#### [PROBLEM DESCRIPTION]
Pictures are to be left out, and only the lines from the one with "2008-2012 Mitsubishi Outlander" through the last line of the listing below are to be repeated exactly.

#### [DATA]
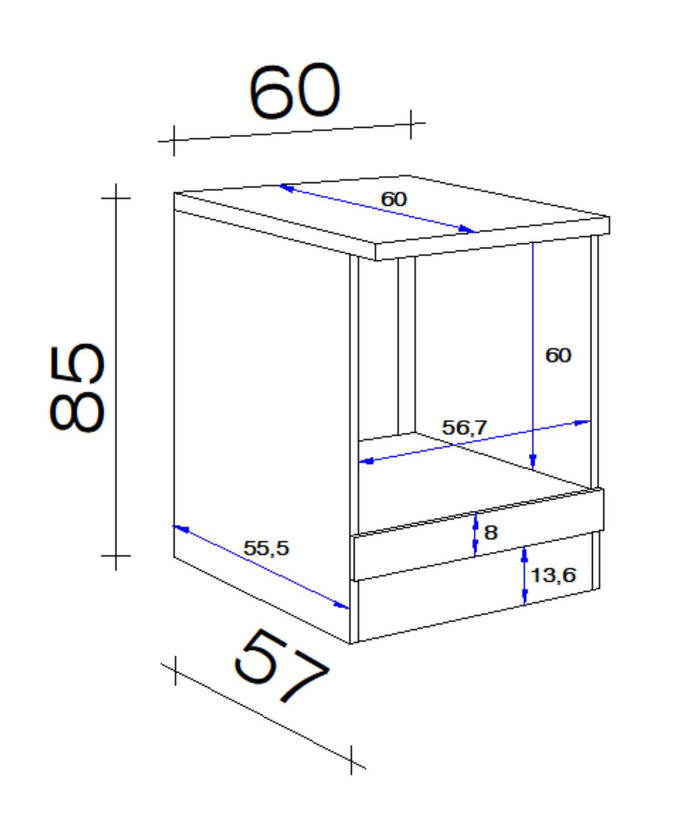 Herdumbauschrank Wito Weiß 60x85x60cm – Bild 3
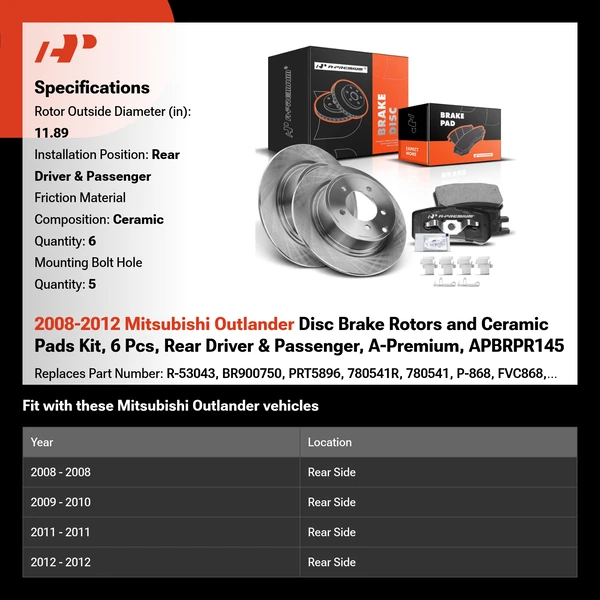 2008-2012 Mitsubishi Outlander Disc Brake Rotors and Ceramic Pads Kit, 6 Pcs, Rear Driver & Passenger, A-Premium, APBRPR145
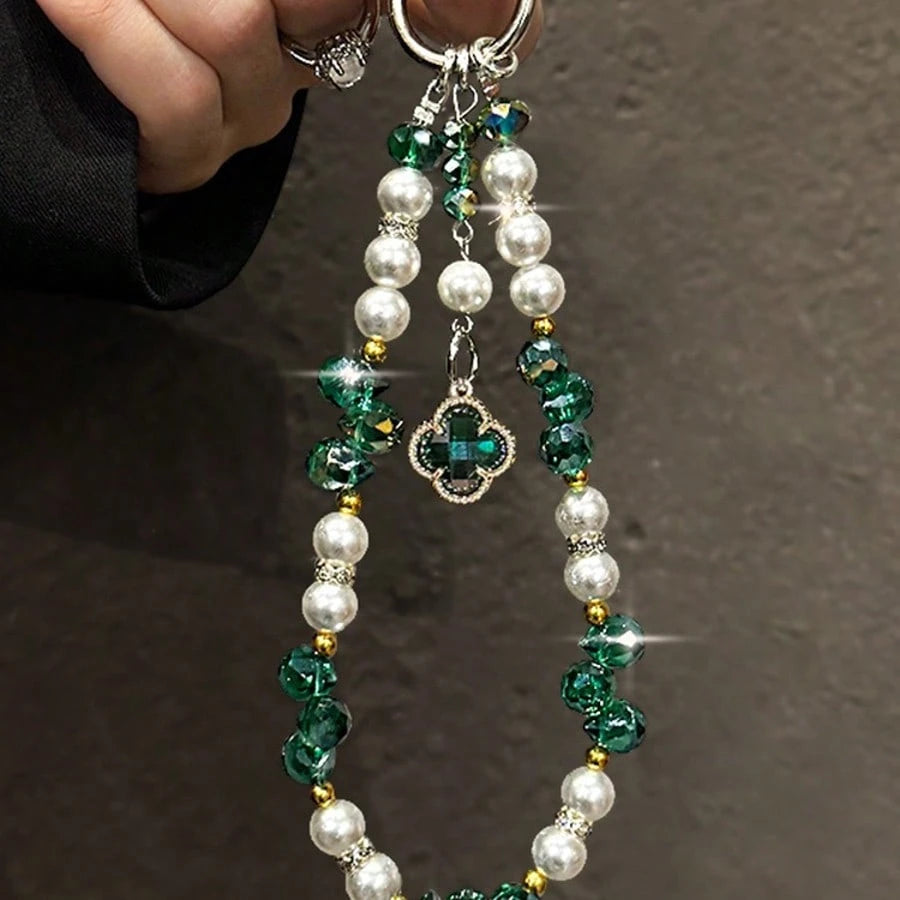 Green Crystal Pearl Phone Charm Strap, Four-Leaf Clover Pendant, Beaded Phone Case Chain Lanyard, Beautiful Handbag And Keychain Accessories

#### [COMPLETED EXERCISE]
 2008-2012 Mitsubishi Outlander Disc Brake Rotors and Ceramic Pads Kit, 6 Pcs, Rear Driver & Passenger, A-Premium, APBRPR145
 Green Crystal Pearl Phone Charm Strap, Four-Leaf Clover Pendant, Beaded Phone Case Chain Lanyard, Beautiful Handbag And Keychain Accessories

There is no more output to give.